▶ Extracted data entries

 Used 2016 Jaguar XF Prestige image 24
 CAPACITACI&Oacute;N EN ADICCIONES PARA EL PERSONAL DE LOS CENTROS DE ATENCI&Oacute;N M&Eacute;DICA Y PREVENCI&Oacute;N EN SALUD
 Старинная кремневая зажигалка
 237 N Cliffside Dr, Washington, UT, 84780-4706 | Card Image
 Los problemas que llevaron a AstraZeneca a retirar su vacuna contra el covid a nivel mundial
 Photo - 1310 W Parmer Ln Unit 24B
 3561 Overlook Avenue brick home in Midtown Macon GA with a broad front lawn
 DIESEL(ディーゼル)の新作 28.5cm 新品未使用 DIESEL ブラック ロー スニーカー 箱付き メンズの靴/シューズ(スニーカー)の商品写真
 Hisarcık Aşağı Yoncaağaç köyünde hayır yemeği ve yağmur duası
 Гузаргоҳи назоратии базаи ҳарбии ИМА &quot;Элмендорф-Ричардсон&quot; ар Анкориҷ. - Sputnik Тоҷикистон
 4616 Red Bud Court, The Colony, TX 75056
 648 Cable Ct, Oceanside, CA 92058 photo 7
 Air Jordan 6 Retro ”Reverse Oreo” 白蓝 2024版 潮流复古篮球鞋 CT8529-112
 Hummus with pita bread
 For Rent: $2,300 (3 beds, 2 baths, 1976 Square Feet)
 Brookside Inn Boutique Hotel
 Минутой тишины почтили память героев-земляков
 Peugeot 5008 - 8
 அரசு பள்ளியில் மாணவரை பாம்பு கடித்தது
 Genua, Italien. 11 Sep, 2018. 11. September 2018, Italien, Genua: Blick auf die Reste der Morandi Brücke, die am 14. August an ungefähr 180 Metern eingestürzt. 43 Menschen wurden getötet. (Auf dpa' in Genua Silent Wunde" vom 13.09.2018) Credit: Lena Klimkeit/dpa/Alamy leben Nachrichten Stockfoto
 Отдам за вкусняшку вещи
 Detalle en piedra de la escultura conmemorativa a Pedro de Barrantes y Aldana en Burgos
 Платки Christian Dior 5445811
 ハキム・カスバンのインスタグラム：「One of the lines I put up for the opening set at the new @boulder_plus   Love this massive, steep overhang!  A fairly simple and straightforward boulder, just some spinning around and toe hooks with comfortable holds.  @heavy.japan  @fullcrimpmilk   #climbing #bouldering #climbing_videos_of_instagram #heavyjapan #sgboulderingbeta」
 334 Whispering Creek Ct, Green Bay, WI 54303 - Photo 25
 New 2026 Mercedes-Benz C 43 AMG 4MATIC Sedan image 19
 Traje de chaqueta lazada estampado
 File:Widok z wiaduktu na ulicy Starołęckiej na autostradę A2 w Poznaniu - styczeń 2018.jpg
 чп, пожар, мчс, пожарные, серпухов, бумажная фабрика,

▶ WHAT IS REQUIRED
Which lines run from the one holding "237 N Cliffside" through the one holding "3561 Overlook Avenue" in the records above? Repeat them exactly, both included, and nothing more.

▶ SOLUTION TO THIS TASK
 237 N Cliffside Dr, Washington, UT, 84780-4706 | Card Image
 Los problemas que llevaron a AstraZeneca a retirar su vacuna contra el covid a nivel mundial
 Photo - 1310 W Parmer Ln Unit 24B
 3561 Overlook Avenue brick home in Midtown Macon GA with a broad front lawn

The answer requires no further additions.